Nell'arco di due anni "Oltre il Suono" si è arricchito di molte nuove pagine, alcune delle quali dedicate ad autori poco noti ma che considero lo stesso molto interessanti e significativi, altre invece dedicate ad artisti sicuramente più conosciuti, come Amon/Never Known, Raffaele Serra, Alio Die, Roberto Laneri e Claudio Ricciardi, che hanno voluto ugualmente esprimere il loro apprezzamento per questa iniziativa, e hanno scelto di collaborare inviandomi il proprio materiale e consentendomi così di arrichire "Oltre il Suono" con pagine dedicate ad artisti di già consolidata fama e notorietà.
Credo che l'elemento principale che ha condotto al grande successo di questa mia iniziativa sia stato nell'aver capito fin dall'inizio che un sito che fungesse da grande contenitore per promuovere la musica di diversi artisti, avrebbe fornito agli stessi un visibilità estremamente maggiore rispetto a decine di siti web personali realizzati individualmente e sparsi quà e là ad indirizzi diversi nell'immensa vastità della rete internet...
Anche i visitatori del sito hanno ora a disposizione un'unica e grande finestra affacciata sull'ampio universo della musica ambient-elettronica-sperimentale italiana, e sanno di poter trovare in "Oltre il Suono" tutte le novità e informazioni aggiornate sugli artisti più interessanti e significativi che appartenengono a quest'area musicale.
Ovviamente le soddisfazioni sono state e continuano ad essere molte, la musica sia mia che di molti altri artisti presenti su "Oltre il Suono" ne ha guadagnato molto in termini di diffusione, e non nascondo inoltre il grande piacere di essere entrato in contatto con molte persone che, prima ancora che buoni musicisti, posso ora considerare anche buoni amici.
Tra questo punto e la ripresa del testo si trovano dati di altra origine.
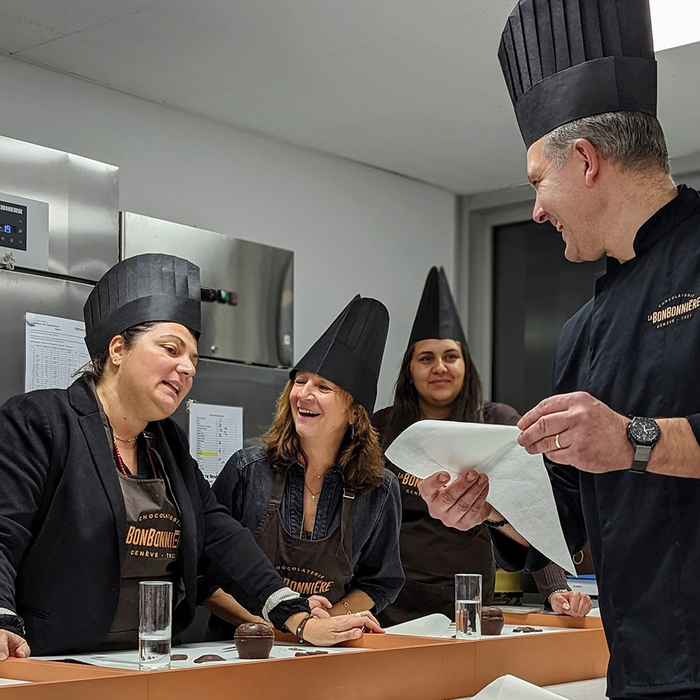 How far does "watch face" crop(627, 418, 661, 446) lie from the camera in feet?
3.68

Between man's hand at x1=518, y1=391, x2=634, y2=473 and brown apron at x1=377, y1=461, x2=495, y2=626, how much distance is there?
1.87 meters

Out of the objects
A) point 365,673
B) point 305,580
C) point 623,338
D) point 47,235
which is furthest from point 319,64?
point 623,338

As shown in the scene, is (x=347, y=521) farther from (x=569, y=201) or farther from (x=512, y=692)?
(x=569, y=201)

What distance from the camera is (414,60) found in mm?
3248

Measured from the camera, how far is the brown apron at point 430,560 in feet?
9.80

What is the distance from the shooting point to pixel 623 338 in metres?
1.27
MASSIMO: Hai avuto collaborazioni o sessions di gruppo con altri musicisti? Esperienza live?

GIUSEPPE: La mia musica nasce fondamentalmente come musica "da studio", e per questa ragione le mie composizioni, almeno così come è possibile ascoltarle nei miei CD, sono abbastanza improponibili in una dimensione "live". Bisogna considerare che per realizzare brani presenti in albums come "Distant Skylines" o "The Impossible Days" tanto per fare due esempi, ho elaborato, assemblato, e quindi miscelato decine e decine di tracce registrate in momenti diversi, sfruttando strumenti acustici ed elettronici, nonchè sorgenti sonore di vario genere, per lo più processate in un secondo tempo attraverso software di editing audio. E' evidente come un brano che sia stato realizzato in questo modo non possa essere agevolmente riproposto dal vivo, se non sfruttando magari una base preregistrata che contenga il 90% del contenuto musicale e intervenendo in diretta solo in minima parte. D'altro canto sento che questo è il metodo compositivo attraverso il quale riesco ad ottenere esattamente la musica che ho in mente e che desidero realizzare, e quindi non me la sento di modificare il mio approccio alla composizione al solo scopo di rendere in qualche modo più riproducibile dal vivo ciò che di solito vado a proporre soltanto attraverso i miei CD.
Al 2001 risale comunque la mia unica collaborazione significativa con due strumentisti, insieme ai quali, sotto il nome "Lisu", ho tenuto una performance live vicino a Narni all'interno della rassegna "Sirene", una serata dedicata ad alcuni artisti italiani attivi nell'area ritual-ambient-elettronica. Con la stessa formazione e nello stesso anno, ma con il nome "Biasthon", ho realizzato il CD-R "Litam".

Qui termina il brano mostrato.